Over the past several decades a miracle has happened in India — and no one seems to have noticed. Thanks to innovators and companies like GE, the way medical help is delivered to the poor in the country has been completely overhauled and now even those without money to pay can find a doctor nearby to provide them with care and drugs.
So, why hasn't the same force pushed a revolution in education – a sector in similar need of dramatic change?
Indian children's thirst for knowledge is obvious if you watch a classroom like one of the small private schools located in the middle of one of the largest slums in New Delhi. Even though getting to the school requires a bus, a car, a tuk tuk and finally a bicycle when the roads narrow too much, once the person is through the door he is greeted by rows of highly disciplined, neatly dressed, attentive students eager to begin their daily lessons.

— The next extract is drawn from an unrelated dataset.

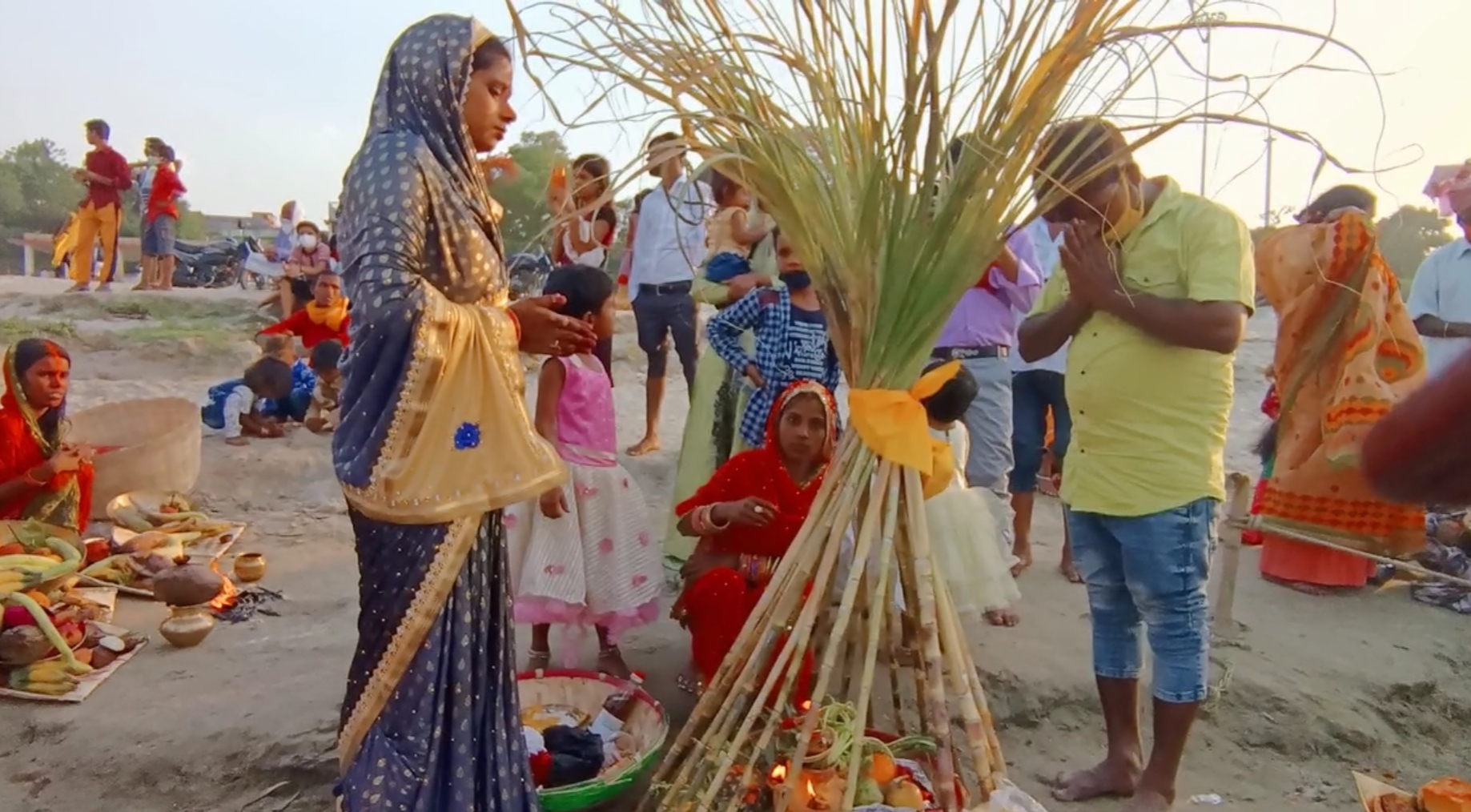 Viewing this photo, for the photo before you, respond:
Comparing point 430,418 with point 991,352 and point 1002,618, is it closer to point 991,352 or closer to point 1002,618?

he school, despite its name, is private, and it is a miracle of compression: floor upon floor of children, 25 to a class, crowded into a narrow concrete block. It is also a miracle of order: the children wear uniforms and stand up to greet visitors. One classroom is decorated with bright pictures and perky slogans such as: "We will get more than 80% in maths."
The teacher worked for Infosys, a giant IT firm, before finding her vocation. Other classrooms are drabber. Dr Bhandari, the school's owner and headmaster, is clearly a shrewd businessman. He runs a fancier school next door, decorated with images of Mickey Mouse. He has an impressive collection of certificates. He uses an interpreter to explain that one of his school's strengths is that it is "English medium".
What makes schools like this possible is India's version of a voucher program where the main source of funding is not the government but a local think-tank called the Centre for Civil Society that chooses 400 applicants each year to receive a voucher they can apply to a private school of their choice.
According to the CCS research, the vouchers are a success. Those who are able to take advantage of one perform better on almost all academic metrics against their public school educated peers.
India's education system does have another thing in common with the education system in the U.S. The role that teachers union play is frequently cited as stifling progress.
That poor parents will pay for something the state provides free speaks volumes. India's state schools pay their teachers far more than private ones, yet they are often worse. Surveys suggest that a quarter or more of government teachers are absent at any given time. Unions prevent the authorities from disciplining slackers or rewarding good teachers.